• EXERCISE DIRECTIONS: Retype the listing exactly, minus its pictures.

• GIVEN INFORMATION:

• • • • • • •

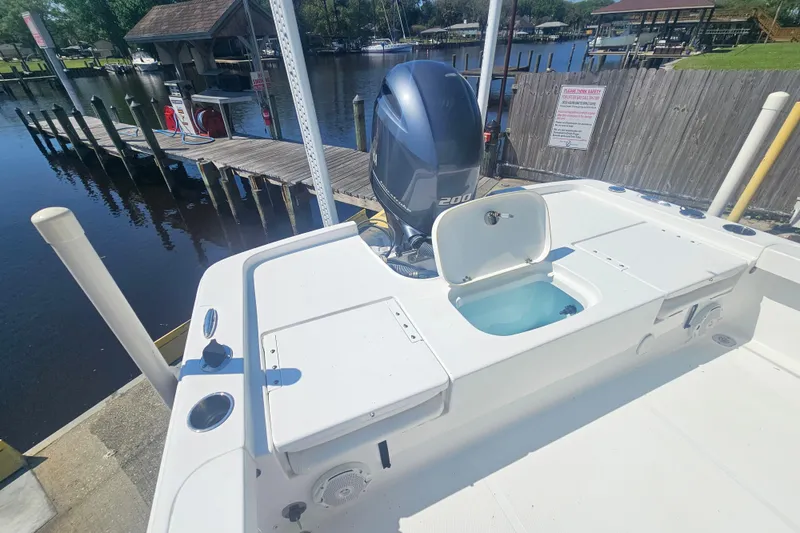 Slide: The Image of 2017 Sea Hunt BX 22 BR boat with Yamaha 200 engine at dockside. - 9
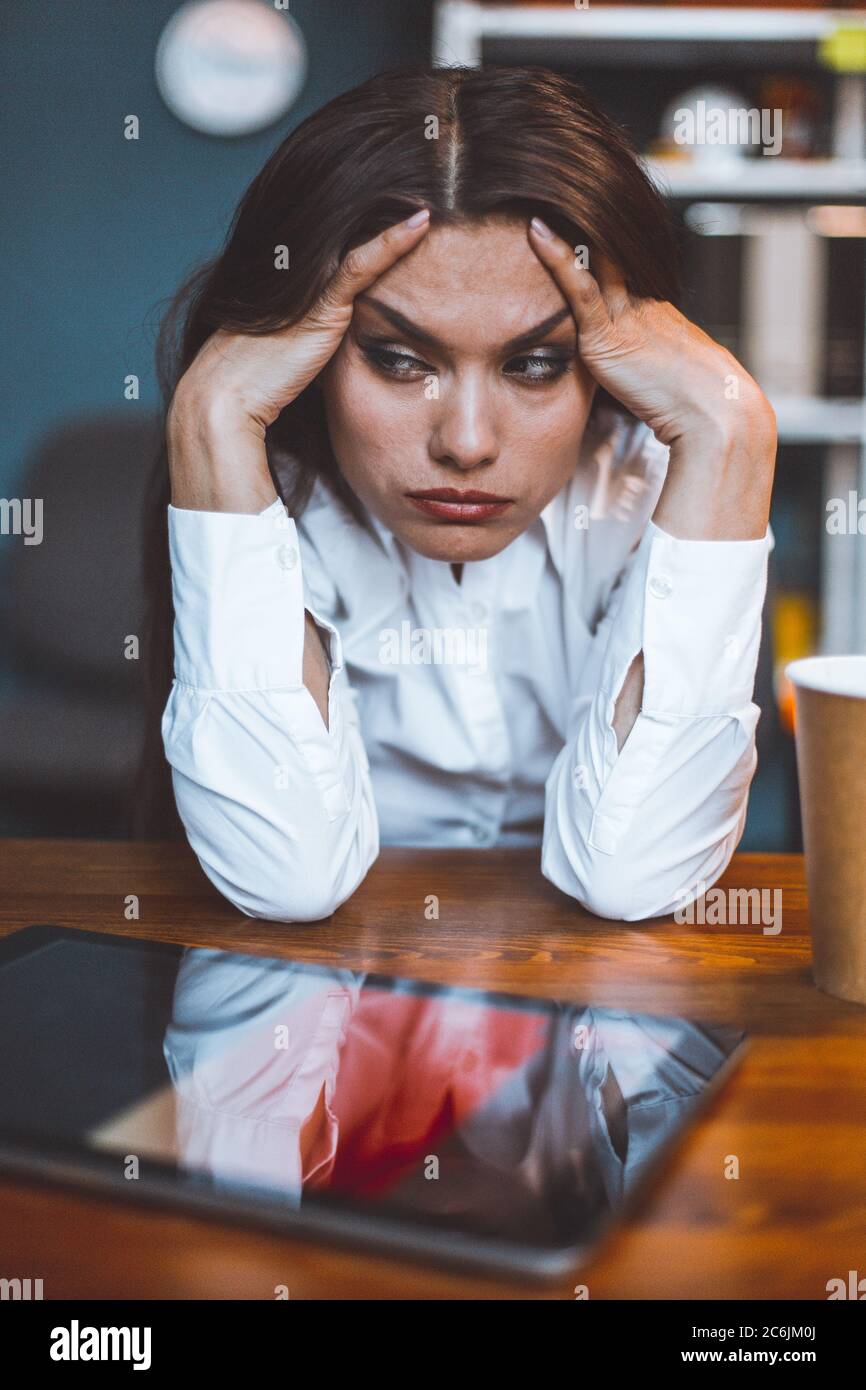 Exhausted business woman sits at workplace taking head in hands. Tired or bored female employee feels stress. Disappointment concept. Tinted image Stock Photo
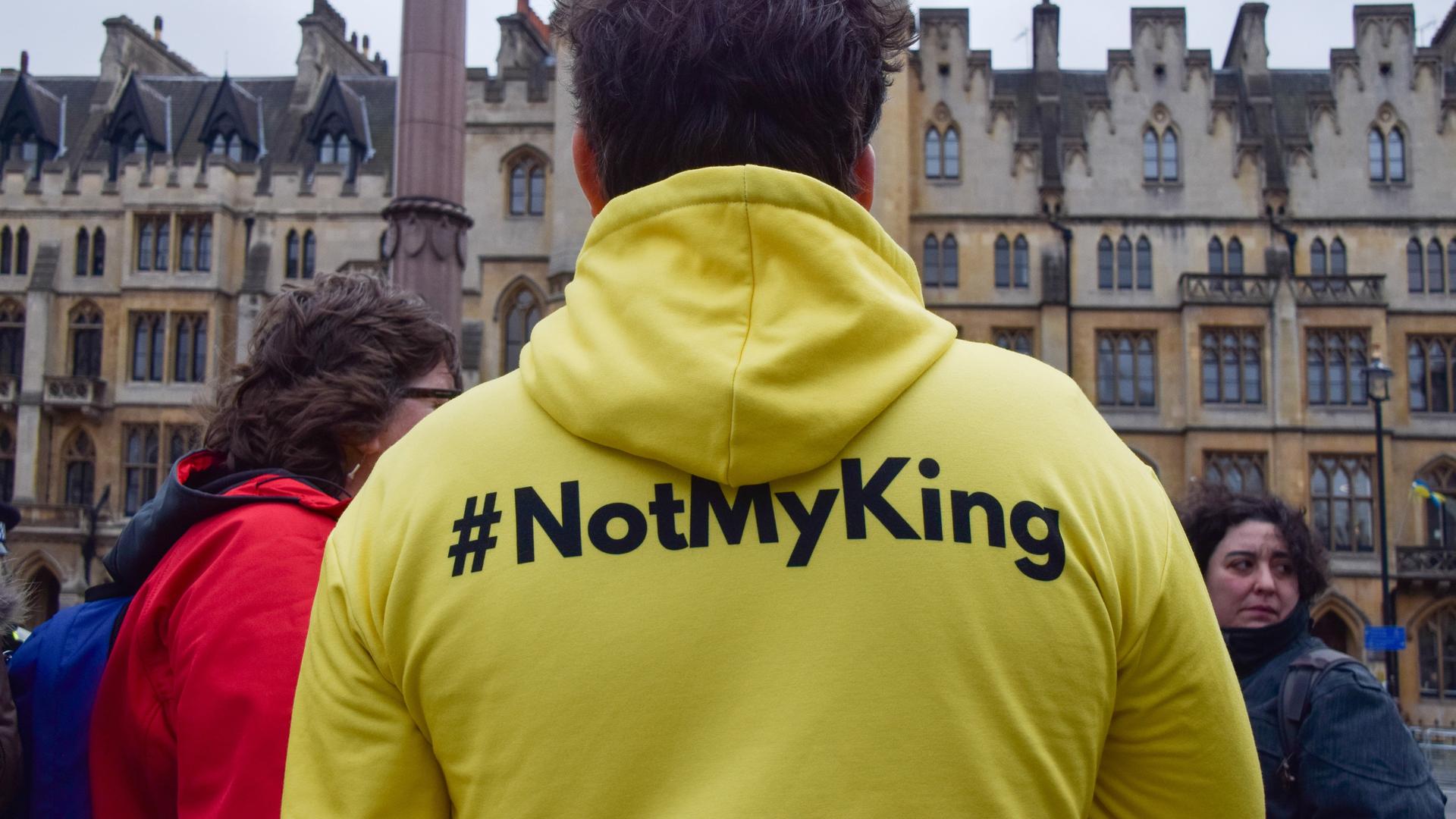 Eine Person, die einen neongelben Pullover mit der Aufschrift "#notmyking" trägt steht zusammen mit anderen Personenn vor einem Gebäude in London Eine Person, die einen neongelben Pullover mit der Aufschrift "#notmyking" trägt steht zusammen mit anderen Personenn vor einem Gebäude in London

• • • • • • •

• SOLUTION TO THIS PROBLEM:
 Slide: The Image of 2017 Sea Hunt BX 22 BR boat with Yamaha 200 engine at dockside. - 9
 Exhausted business woman sits at workplace taking head in hands. Tired or bored female employee feels stress. Disappointment concept. Tinted image Stock Photo
 Eine Person, die einen neongelben Pullover mit der Aufschrift "#notmyking" trägt steht zusammen mit anderen Personenn vor einem Gebäude in London Eine Person, die einen neongelben Pullover mit der Aufschrift "#notmyking" trägt steht zusammen mit anderen Personenn vor einem Gebäude in London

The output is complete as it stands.